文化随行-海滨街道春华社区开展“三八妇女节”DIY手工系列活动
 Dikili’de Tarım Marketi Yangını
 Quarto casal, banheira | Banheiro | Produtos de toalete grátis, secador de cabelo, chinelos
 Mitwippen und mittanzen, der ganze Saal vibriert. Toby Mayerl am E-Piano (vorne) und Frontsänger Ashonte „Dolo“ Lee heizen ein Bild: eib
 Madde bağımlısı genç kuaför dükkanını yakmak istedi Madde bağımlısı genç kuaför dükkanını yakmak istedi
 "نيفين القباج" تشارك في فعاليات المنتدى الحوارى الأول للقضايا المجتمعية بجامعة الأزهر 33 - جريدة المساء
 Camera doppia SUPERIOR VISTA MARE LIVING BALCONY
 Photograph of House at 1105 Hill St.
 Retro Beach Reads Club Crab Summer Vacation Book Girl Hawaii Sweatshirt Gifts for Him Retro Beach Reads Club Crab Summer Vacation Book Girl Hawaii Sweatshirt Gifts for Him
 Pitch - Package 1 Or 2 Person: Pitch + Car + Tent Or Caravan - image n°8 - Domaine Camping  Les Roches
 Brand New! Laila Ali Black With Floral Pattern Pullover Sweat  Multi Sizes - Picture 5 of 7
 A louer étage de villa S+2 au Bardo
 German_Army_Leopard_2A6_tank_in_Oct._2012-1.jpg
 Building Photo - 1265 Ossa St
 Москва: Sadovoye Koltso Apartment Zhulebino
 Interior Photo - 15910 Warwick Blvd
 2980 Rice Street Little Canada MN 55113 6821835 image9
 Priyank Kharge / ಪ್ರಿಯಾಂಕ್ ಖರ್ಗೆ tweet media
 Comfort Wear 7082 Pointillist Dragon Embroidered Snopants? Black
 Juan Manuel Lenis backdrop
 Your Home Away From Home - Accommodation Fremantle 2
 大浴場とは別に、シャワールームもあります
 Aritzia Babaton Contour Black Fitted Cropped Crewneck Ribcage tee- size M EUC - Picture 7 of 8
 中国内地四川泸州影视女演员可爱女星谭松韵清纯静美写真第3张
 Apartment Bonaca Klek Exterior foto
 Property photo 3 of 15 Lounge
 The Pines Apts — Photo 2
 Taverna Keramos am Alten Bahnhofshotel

----------

== Assignment ==
Please write out the lines that run from the one with "Apartment Bonaca Klek Exterior foto" to the end of the records, both included, exactly as they appear.

== Output ==
 Apartment Bonaca Klek Exterior foto
 Property photo 3 of 15 Lounge
 The Pines Apts — Photo 2
 Taverna Keramos am Alten Bahnhofshotel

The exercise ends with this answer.